» What to do
All lines from the opening of the entries below through the line containing "Prada women's shoes" must be output exactly as they appear, with no other lines.

-- Data shown follows --

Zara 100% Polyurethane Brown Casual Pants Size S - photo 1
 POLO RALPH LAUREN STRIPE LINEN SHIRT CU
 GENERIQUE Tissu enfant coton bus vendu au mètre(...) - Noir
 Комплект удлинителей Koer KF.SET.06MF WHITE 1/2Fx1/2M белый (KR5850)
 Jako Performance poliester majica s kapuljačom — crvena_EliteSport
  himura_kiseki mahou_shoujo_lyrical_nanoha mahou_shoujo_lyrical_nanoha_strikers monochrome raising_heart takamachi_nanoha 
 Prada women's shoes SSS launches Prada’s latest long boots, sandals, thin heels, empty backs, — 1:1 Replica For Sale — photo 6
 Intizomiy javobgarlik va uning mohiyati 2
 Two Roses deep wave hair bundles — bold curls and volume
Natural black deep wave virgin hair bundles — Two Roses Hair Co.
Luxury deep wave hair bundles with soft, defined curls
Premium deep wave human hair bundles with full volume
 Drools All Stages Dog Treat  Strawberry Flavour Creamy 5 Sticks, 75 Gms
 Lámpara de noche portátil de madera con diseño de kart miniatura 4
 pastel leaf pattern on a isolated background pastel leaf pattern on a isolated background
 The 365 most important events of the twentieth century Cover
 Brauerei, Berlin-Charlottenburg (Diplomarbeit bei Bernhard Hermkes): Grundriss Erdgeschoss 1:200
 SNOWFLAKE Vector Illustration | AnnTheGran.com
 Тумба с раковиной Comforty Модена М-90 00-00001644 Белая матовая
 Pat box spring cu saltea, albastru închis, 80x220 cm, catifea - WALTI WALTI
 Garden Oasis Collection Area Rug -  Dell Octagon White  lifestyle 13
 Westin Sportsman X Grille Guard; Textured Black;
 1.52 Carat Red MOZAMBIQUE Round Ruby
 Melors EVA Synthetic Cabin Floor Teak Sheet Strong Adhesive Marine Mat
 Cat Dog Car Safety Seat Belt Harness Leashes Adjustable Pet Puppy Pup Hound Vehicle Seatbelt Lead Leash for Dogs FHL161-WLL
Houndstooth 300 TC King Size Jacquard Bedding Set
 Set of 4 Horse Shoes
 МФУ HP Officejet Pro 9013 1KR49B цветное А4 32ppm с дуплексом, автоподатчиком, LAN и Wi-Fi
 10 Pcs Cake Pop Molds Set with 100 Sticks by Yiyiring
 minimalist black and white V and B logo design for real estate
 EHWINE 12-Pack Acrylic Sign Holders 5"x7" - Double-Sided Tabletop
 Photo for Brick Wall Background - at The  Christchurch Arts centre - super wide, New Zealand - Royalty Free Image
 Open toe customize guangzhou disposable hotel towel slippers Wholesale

-- Data shown concluded --

» Exercise result
Zara 100% Polyurethane Brown Casual Pants Size S - photo 1
 POLO RALPH LAUREN STRIPE LINEN SHIRT CU
 GENERIQUE Tissu enfant coton bus vendu au mètre(...) - Noir
 Комплект удлинителей Koer KF.SET.06MF WHITE 1/2Fx1/2M белый (KR5850)
 Jako Performance poliester majica s kapuljačom — crvena_EliteSport
  himura_kiseki mahou_shoujo_lyrical_nanoha mahou_shoujo_lyrical_nanoha_strikers monochrome raising_heart takamachi_nanoha 
 Prada women's shoes SSS launches Prada’s latest long boots, sandals, thin heels, empty backs, — 1:1 Replica For Sale — photo 6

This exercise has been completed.